_TASK TO CARRY OUT_
Every line of the records must be repeated exactly; pictures stay out.

_AVAILABLE DATA_
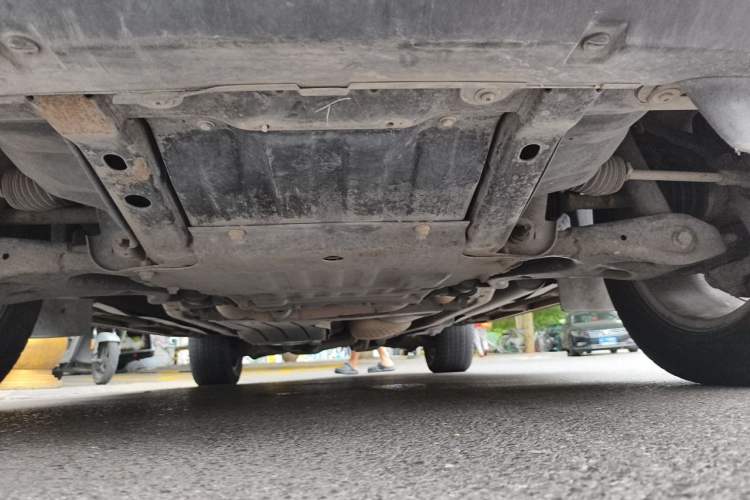 Used Land Rover Discovery 2013 5.0 V8 SE model Chassis Front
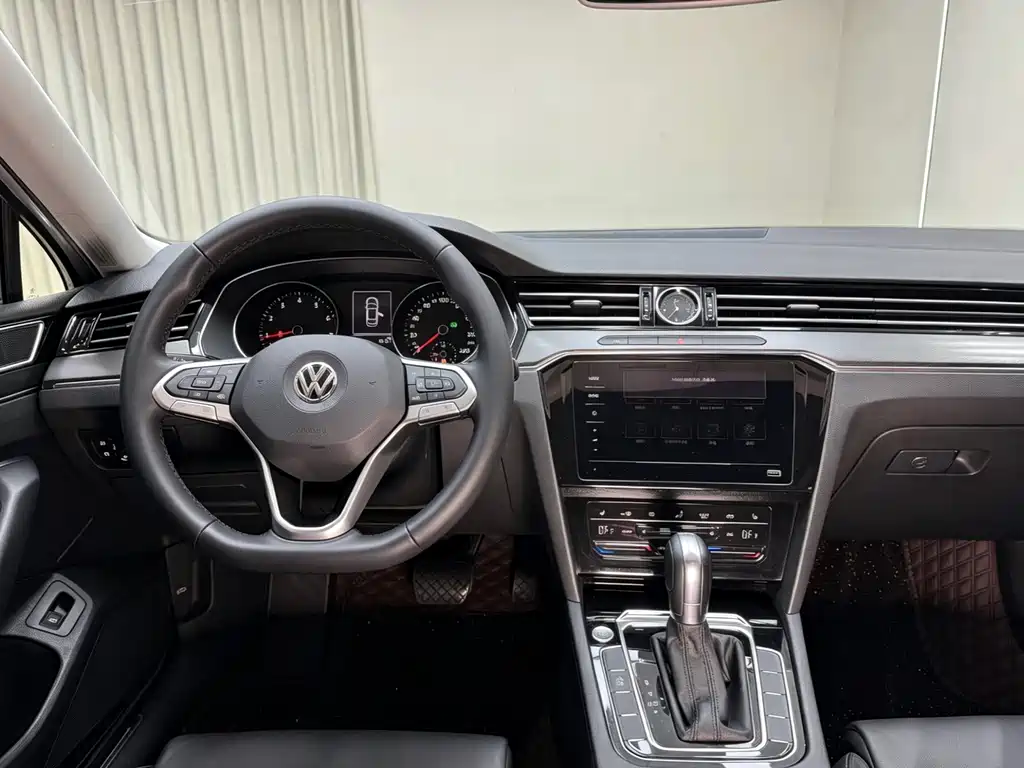 Magotan 2020 280TSI DSG Leading Edition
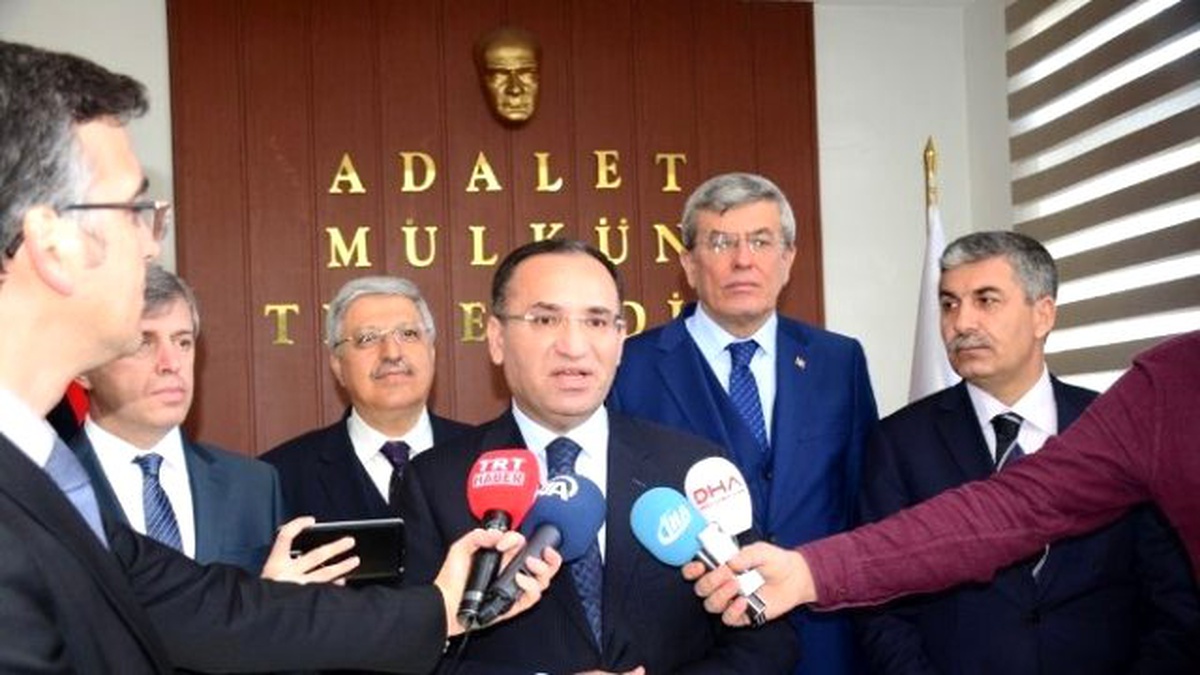 Bakan Bozdağ: "Dün Ayrı Bugün Ayrı Bir Şey. Artık Kılıçdaroğlu Adına Ben Utanıyorum"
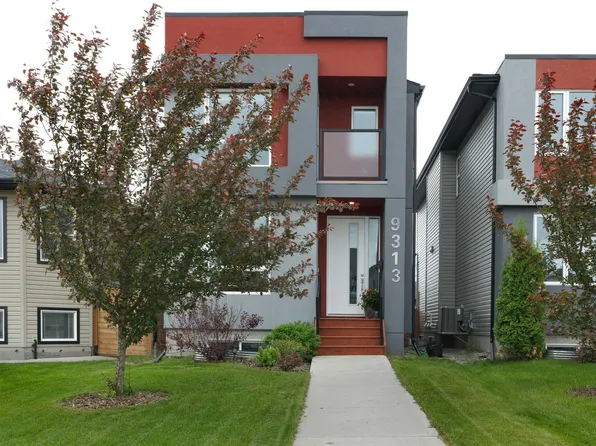 9313 152nd St NW, Edmonton, AB T5R 1M8
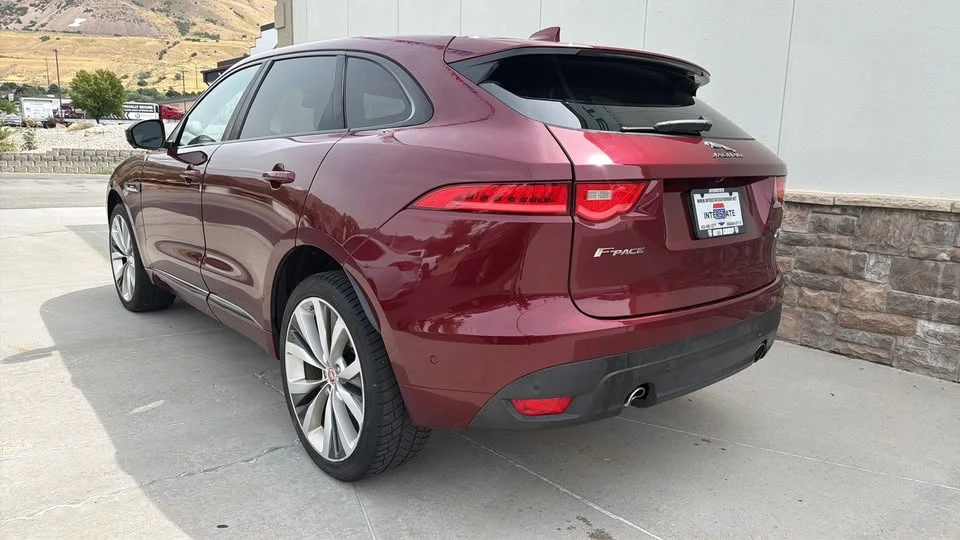 2017 Jaguar F-Pace - Image 3 of 20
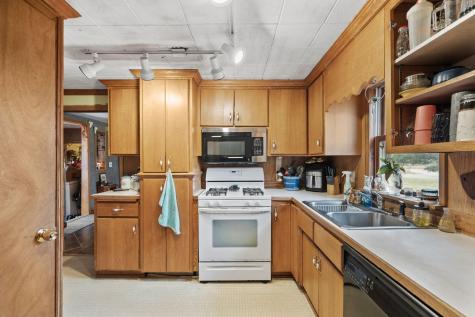815 333rd Avenue NE Cambridge MN 55008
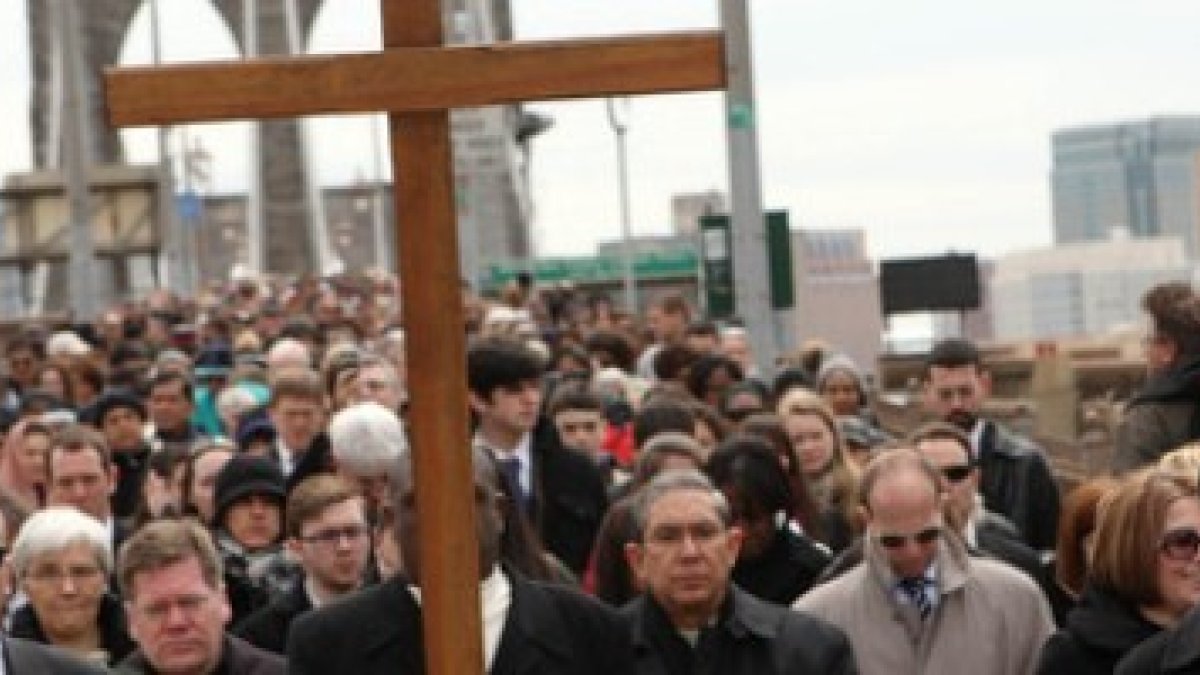 Via Crucis de Viernes Santo en el Puente de Brooklyn, Nueva York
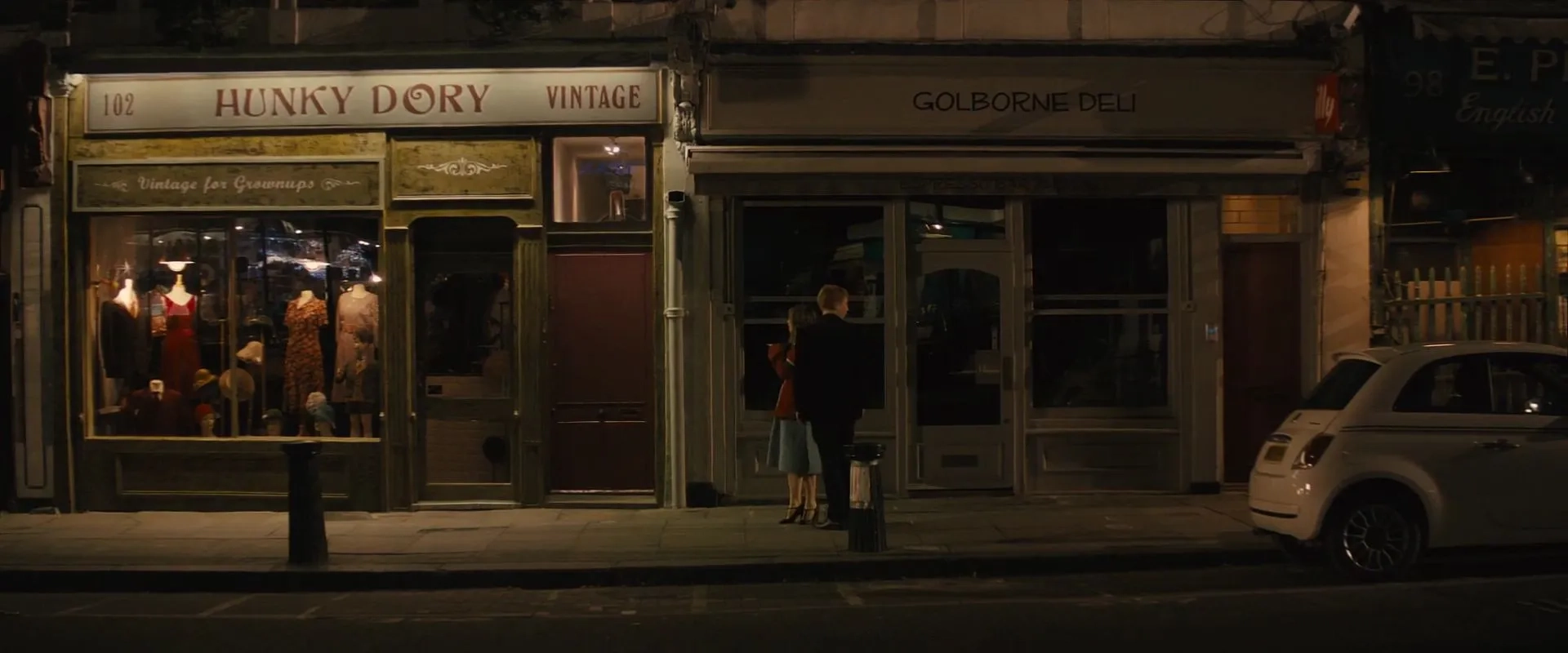Rachel McAdams and Domhnall Gleeson in About Time (2013)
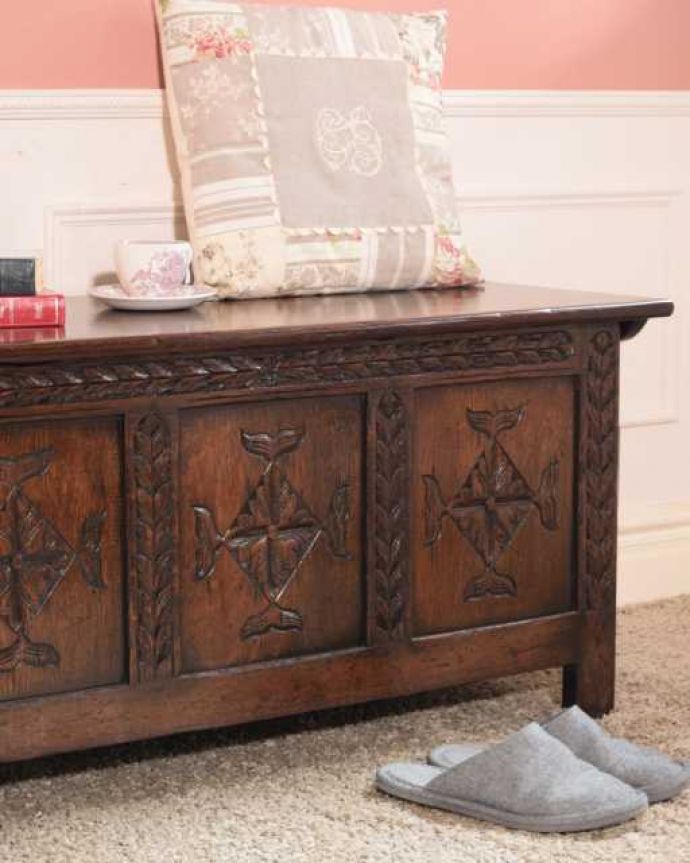 ブランケットボックス・収納ボックス アンティーク家具 贅沢に彫りがたっぷり刻まれた、英国輸入のアンティークの木製コファ(ブランケットチェスト)。アンティークらしい彫りの美しさが魅力豪華な彫りの美しさがアンティークらしい雰囲気。(q-1975-f)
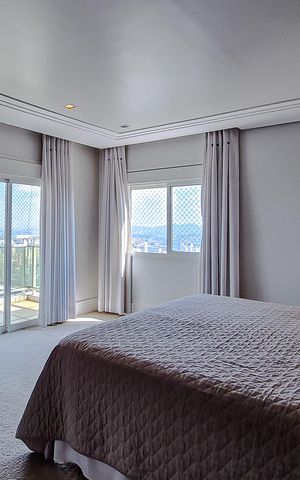 Apartamento à venda com 574m², 4 quartos e 8 vagas Apartamento à venda com 574m², 4 quartos e 8 vagasQuarto 1 - Suíte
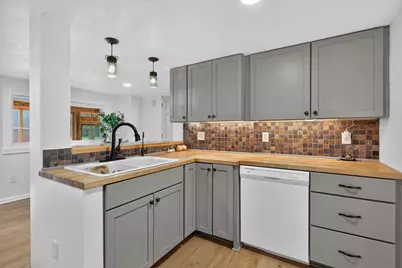 8727 Lansing Avenue, Rives Junction, MI 49277 - Photo 9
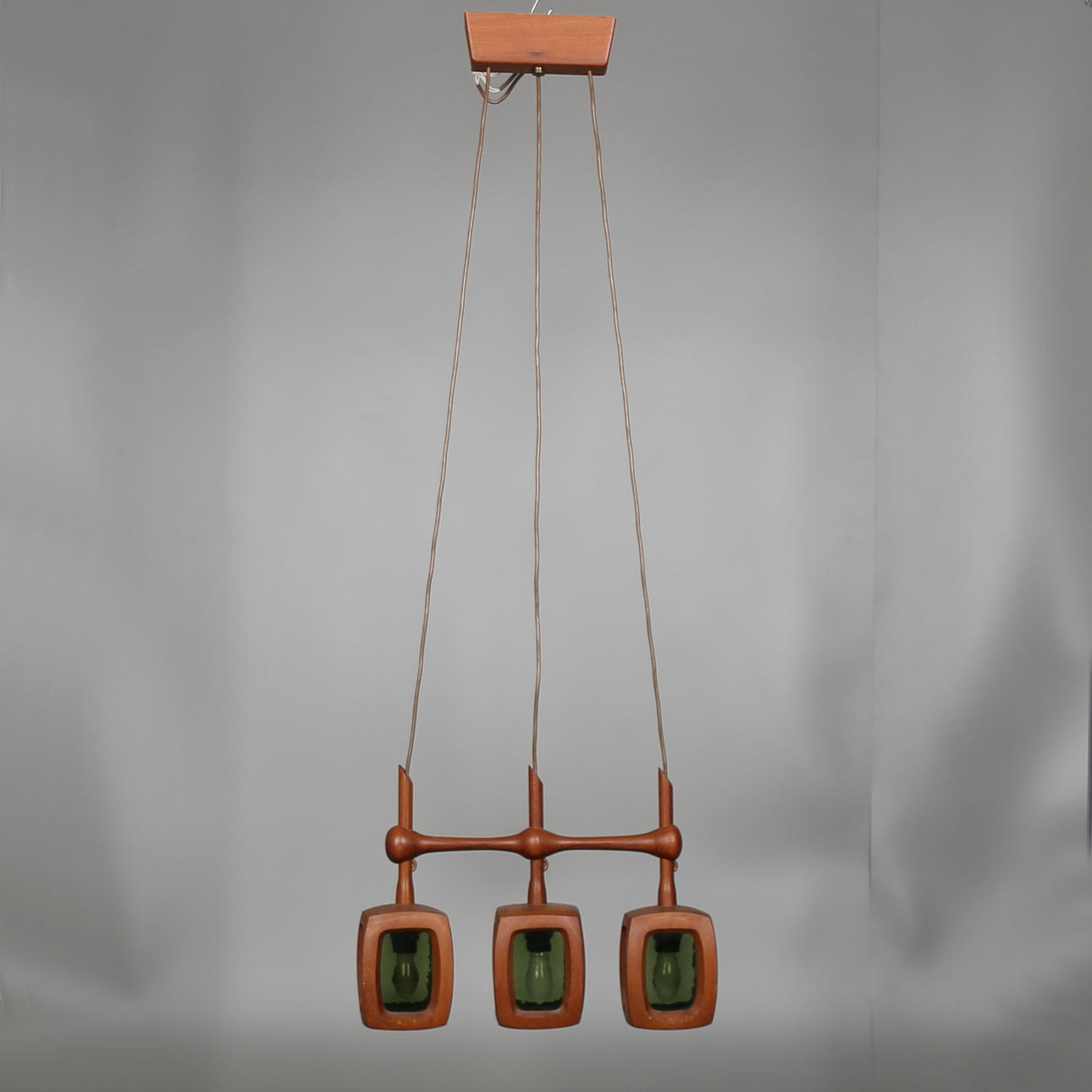 TAKLAMPA i teak, 1960-tal.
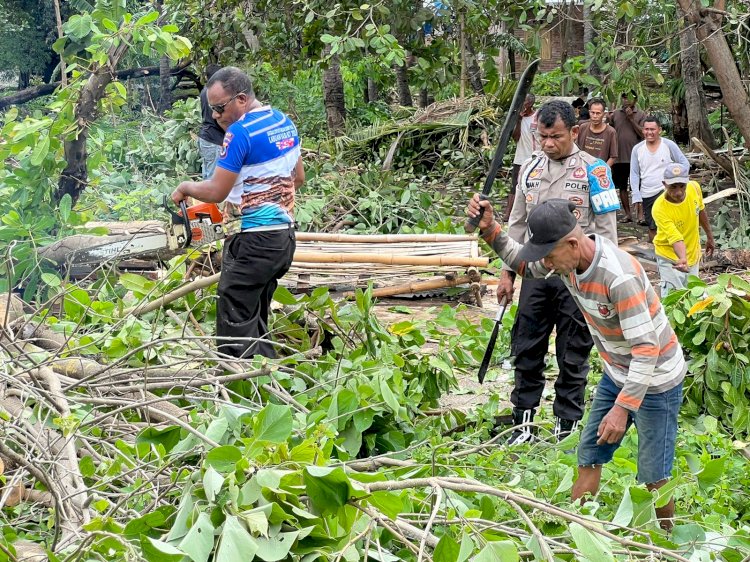 Tinjau Rumah Warga Yang Mengalami Kerusakan Akibat Puting Beliung: Kapolres Flotim Bersama Pejabat Daerah Berikan Bantuan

_FINAL ANSWER_
 Used Land Rover Discovery 2013 5.0 V8 SE model Chassis Front
 Magotan 2020 280TSI DSG Leading Edition
 Bakan Bozdağ: "Dün Ayrı Bugün Ayrı Bir Şey. Artık Kılıçdaroğlu Adına Ben Utanıyorum"
 9313 152nd St NW, Edmonton, AB T5R 1M8
 2017 Jaguar F-Pace - Image 3 of 20
815 333rd Avenue NE Cambridge MN 55008
 Via Crucis de Viernes Santo en el Puente de Brooklyn, Nueva York
Rachel McAdams and Domhnall Gleeson in About Time (2013)
 ブランケットボックス・収納ボックス アンティーク家具 贅沢に彫りがたっぷり刻まれた、英国輸入のアンティークの木製コファ(ブランケットチェスト)。アンティークらしい彫りの美しさが魅力豪華な彫りの美しさがアンティークらしい雰囲気。(q-1975-f)
 Apartamento à venda com 574m², 4 quartos e 8 vagas Apartamento à venda com 574m², 4 quartos e 8 vagasQuarto 1 - Suíte
 8727 Lansing Avenue, Rives Junction, MI 49277 - Photo 9
 TAKLAMPA i teak, 1960-tal.
 Tinjau Rumah Warga Yang Mengalami Kerusakan Akibat Puting Beliung: Kapolres Flotim Bersama Pejabat Daerah Berikan Bantuan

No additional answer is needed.